Task: Your answer must be the lines from the one containing "Serious middleaged business" through the last line below, copied exactly, with no pictures.

Records to process:
-*-*-
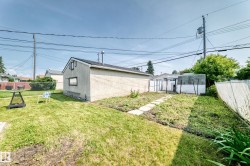 Detached garage with a pitched roof and stucco siding, featuring a small side window - 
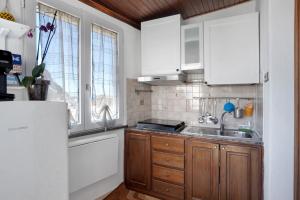 a kitchen with white cabinets and a sink at Casatullio - Sant'Angelo d'Ischia in Sant'Angelo D'Ischia
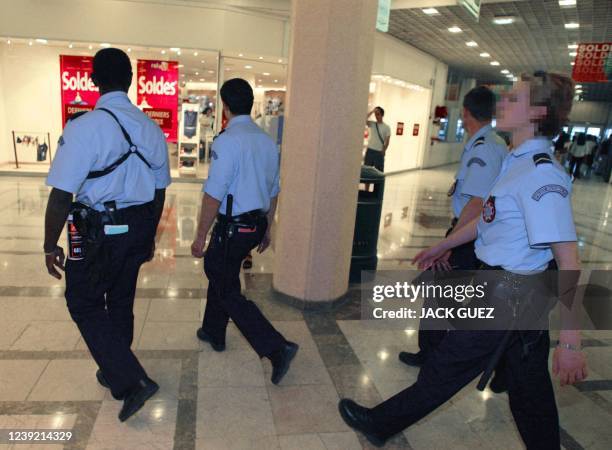 Des policiers de proximité du commissariat de Noisy-Le-Grand patrouillent dans un centre commercial de la ville, le 19 juillet 2002, dans le cadre de...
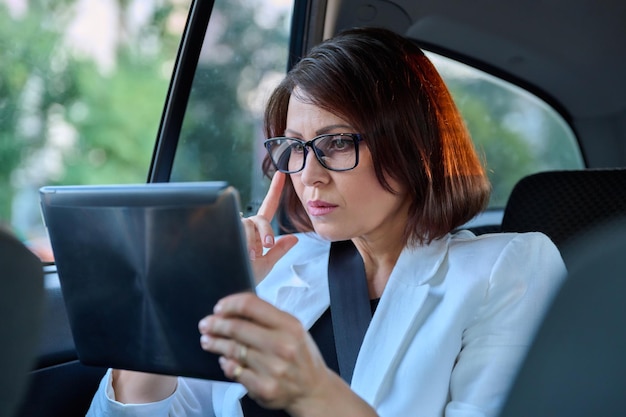 Serious middleaged business woman in car in passenger backseat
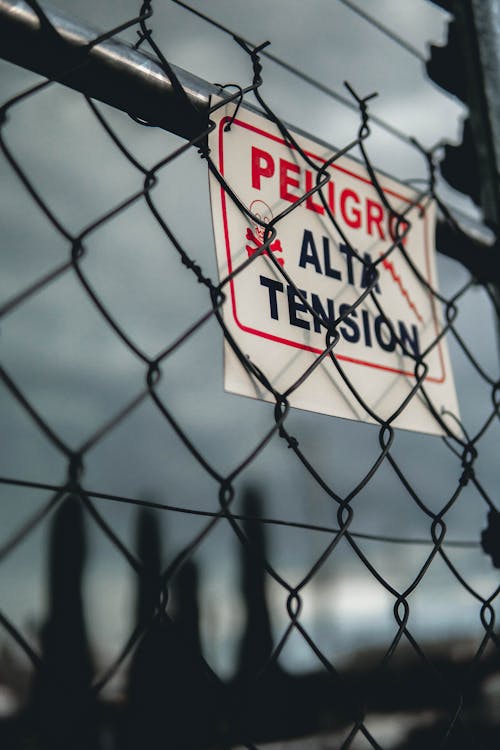 Free Warning Sign on Chain Link Fence Stock Photo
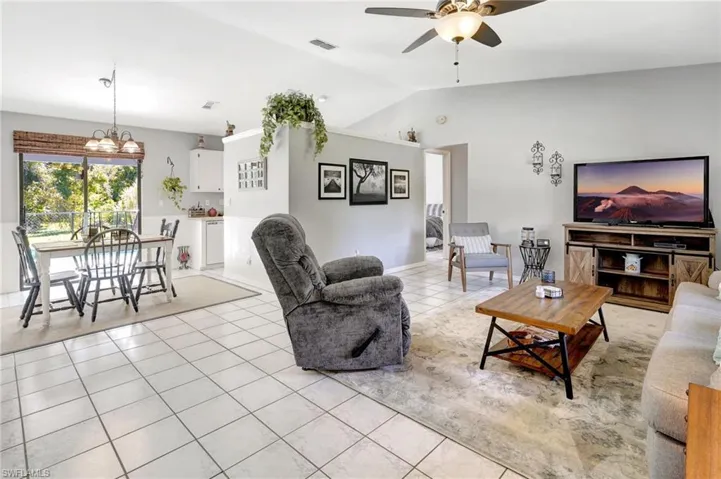 Living room featuring vaulted ceiling, ceiling fan with notable chandelier, and light tile patterned flooring
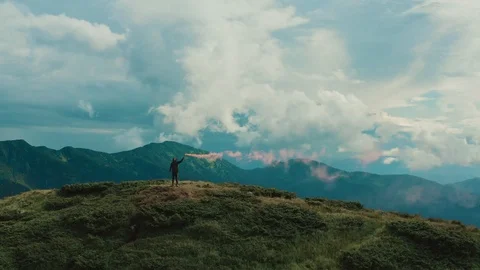 The man with a fire bomb standing on the beautiful mountain top Stock-Footage 116059092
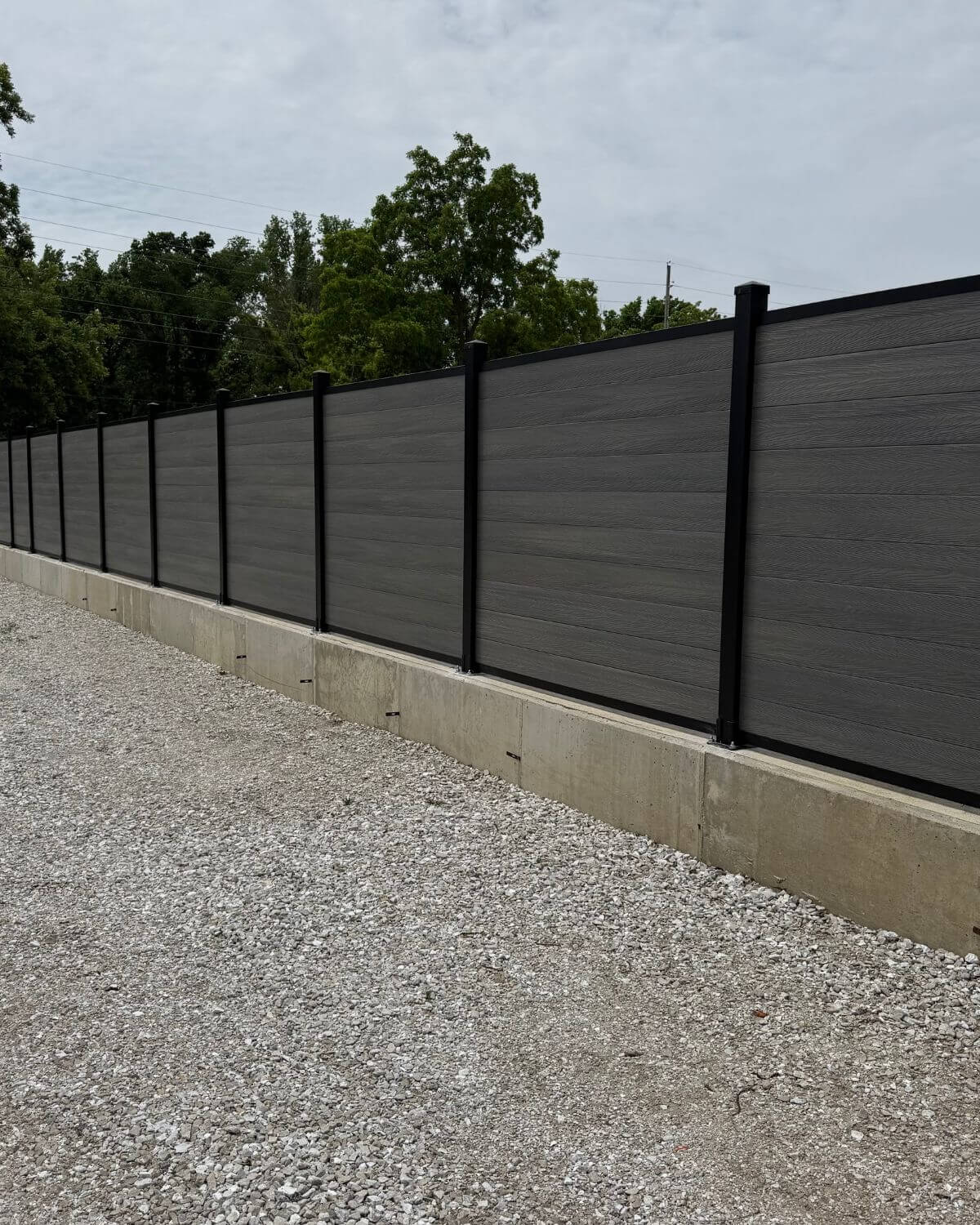 An installed storm grey composite fence, mounted on concrete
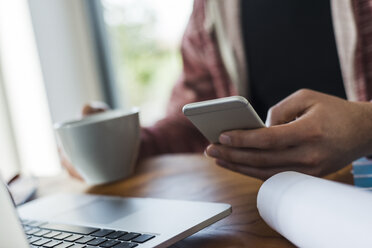 Close-up of man with cell phone and laptop at desk - UUF006366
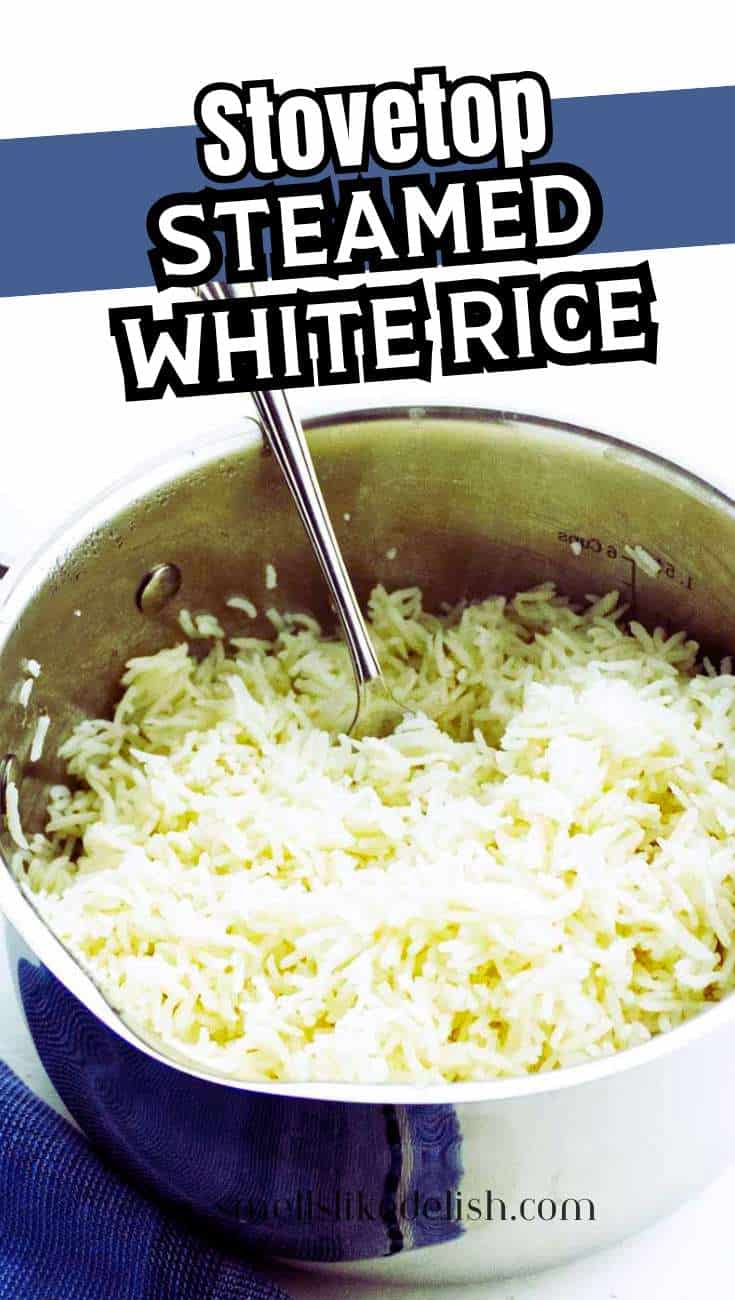 Pot of steamed white rice with serving spoon, labeled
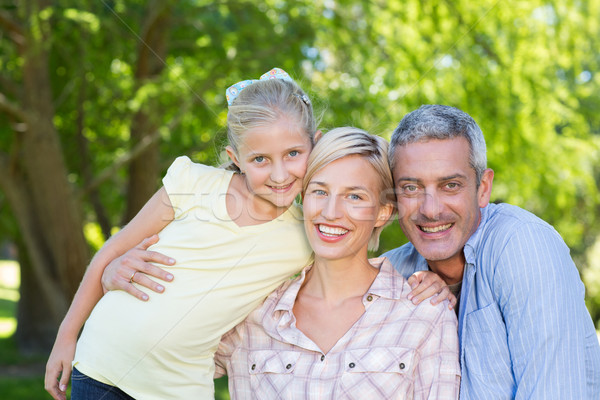 Stock photo: Happy parents with their daughter 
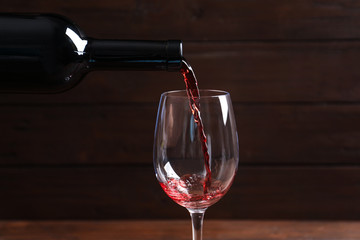 Pouring delicious red wine into glass on blurred background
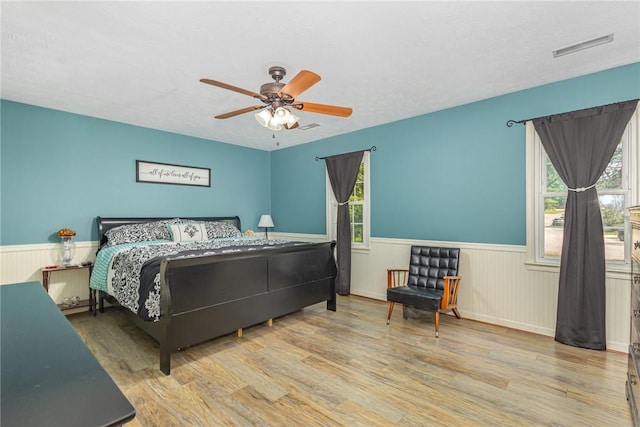 108 Ascot Ct, Easley, SC 29642 - bedroom featuring wainscoting, wood finished floors, multiple windows, and ceiling fan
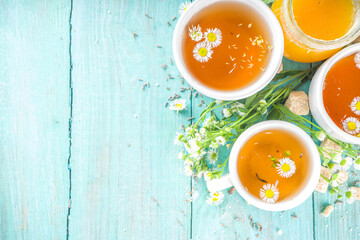Chamomile and honey natural organic tea, on a blue wooden table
-*-*-
Task answer:
 Serious middleaged business woman in car in passenger backseat
 Free Warning Sign on Chain Link Fence Stock Photo
 Living room featuring vaulted ceiling, ceiling fan with notable chandelier, and light tile patterned flooring
 The man with a fire bomb standing on the beautiful mountain top Stock-Footage 116059092
 An installed storm grey composite fence, mounted on concrete
 Close-up of man with cell phone and laptop at desk - UUF006366
 Pot of steamed white rice with serving spoon, labeled
 Stock photo: Happy parents with their daughter 
 Pouring delicious red wine into glass on blurred background
 108 Ascot Ct, Easley, SC 29642 - bedroom featuring wainscoting, wood finished floors, multiple windows, and ceiling fan
Chamomile and honey natural organic tea, on a blue wooden table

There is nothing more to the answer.